We also see an immense and growing need for collaboration between incumbents across the ecosystem: life insurance, banking, wealth managers, health care providers, and record keepers. The collision of health and wealth sets the stage, and insurtech and digital health companies will play an active role in intermediating these partnerships. Specifically, in accelerating data interoperability, ensuring privacy, and powering the use cases for customers and their advisors to make considered choices across their financial and medical wellbeing.

[Dennis] Innovation can be costly, and the regulatory landscape alone can deter even the most ambitious. Investing and partnering with nimble organizations that have a singular focus will gain in popularity as large institutions continue to struggle with the war for talent, digital transformation, and embracing emerging technologies.
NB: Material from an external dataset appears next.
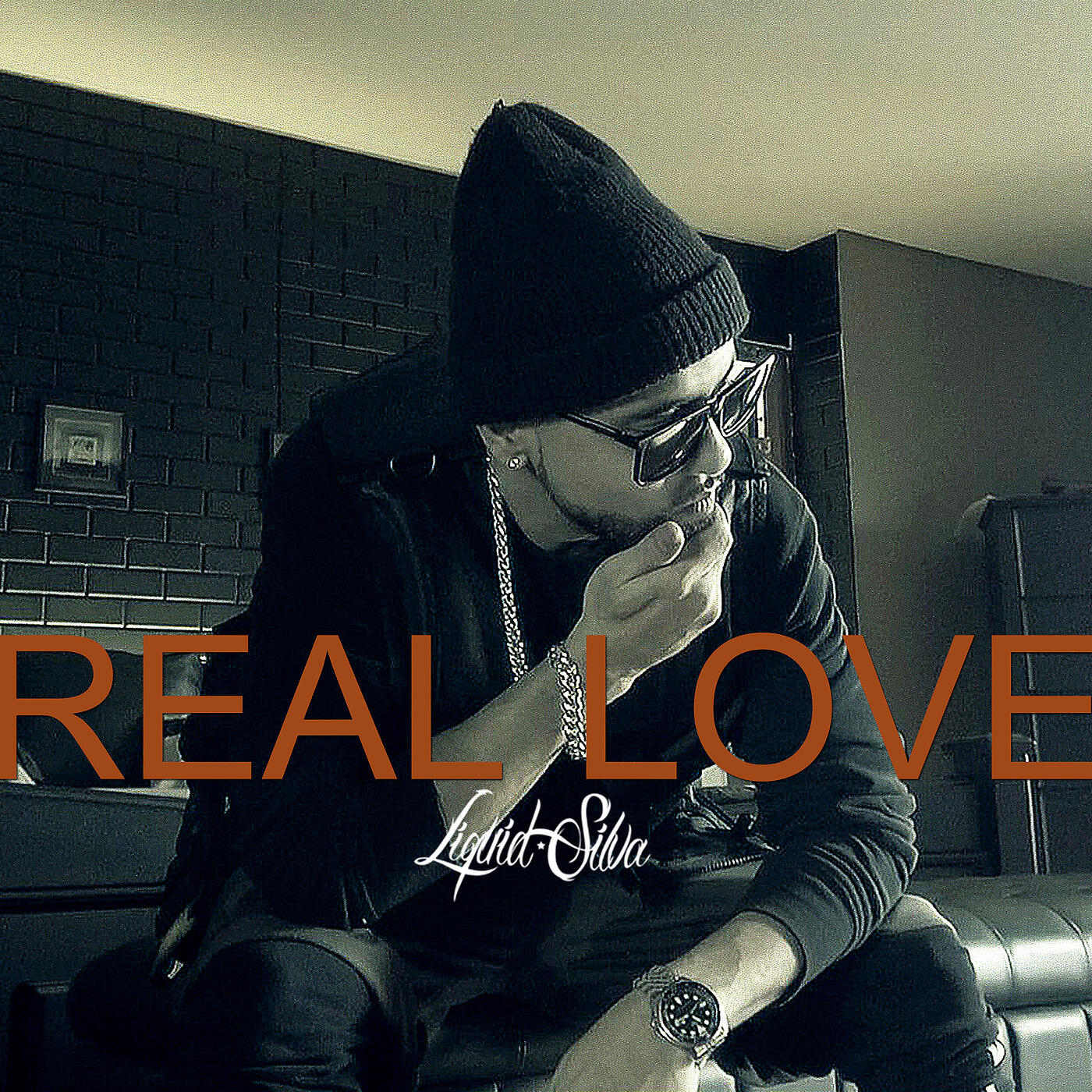 Релиз Real Love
Let’s not let the insurtechs off the hook, however. Raising funds, building teams, landing customers, and validating business models is no small feat. Insurtechs will continue to seek out carrier investment and partnership to validate themselves. Large institutions may be comparatively bureaucratic and slow, but they help substantiate the entrepreneurial vision, provide credibility when seeking other potential investors, and provide access to customers.
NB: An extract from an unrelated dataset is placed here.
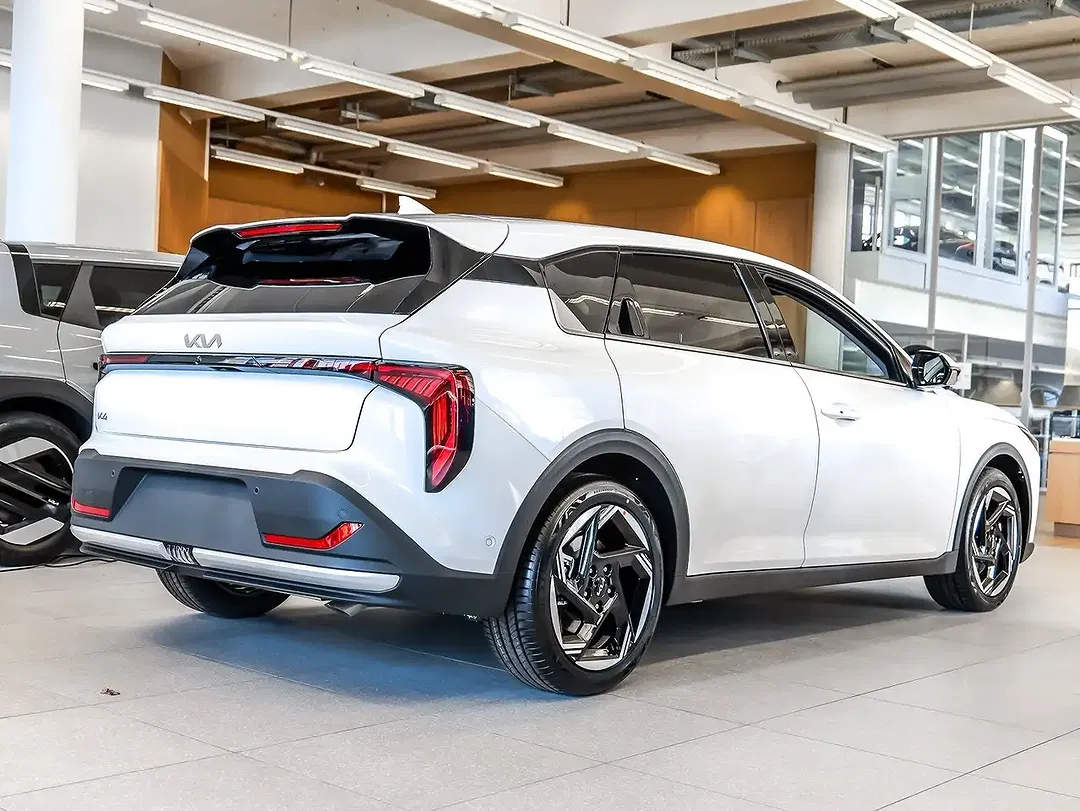 Kia K4 DCT Spirit - foto 2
Sounds like a win-win, doesn’t it?!

4: The insurance industry will develop infrastructure to enable the next wave of innovation.

[Atul] At the heart of the next wave of innovation and change is data. Data is the kingmaker. It is the key to personalization, privacy, and people.

As an example, life insurance executives often moan about not having the richness and persistency of data to actively engage their customers, stay relevant, and personalize the interaction. Closing this gap will mean connecting and collaborating with sources of transactional/life event, wealth, and health data. The good news is that there are multiple, well-funded insurtechs and AI players that are fighting to win over this territory and make the data interoperable.

It is the same data sets that will power the industry’s collaborative and AI-driven approaches to predict and manage risk and fraud. And the better we get at leveraging data, the expectations to respect privacy will rise. We could also do with better direction and consistent polices from regulators here.

Winning (or losing) on personalization, risk, and privacy requires the technology infrastructure and information-security apparatus for a connected world. As an industry, insurers are making progress in modernizing for a digital, cloud-first, mobile-first, API-first, hyper-connected, converging world. There is a lot of headroom here.

Lastly, the talent war goes unabated. Add to this the challenge of building a digital and data-driven culture, which is, by far, the largest opportunity and the long pole in the tent for continued competitiveness.

5: The great resignation will have a lasting impact on the insurance workforce and insurance innovation.

[Dennis] As Atul just mentioned, the talent war is at a critical point. By now you have probably heard of the Great Resignation and are feeling the effects of the current talent shortage. On the other hand, maybe you were part of the movement and don’t see it as an issue as much as an opportunity. If so, congratulations on your retirement or your hobby-turned-career.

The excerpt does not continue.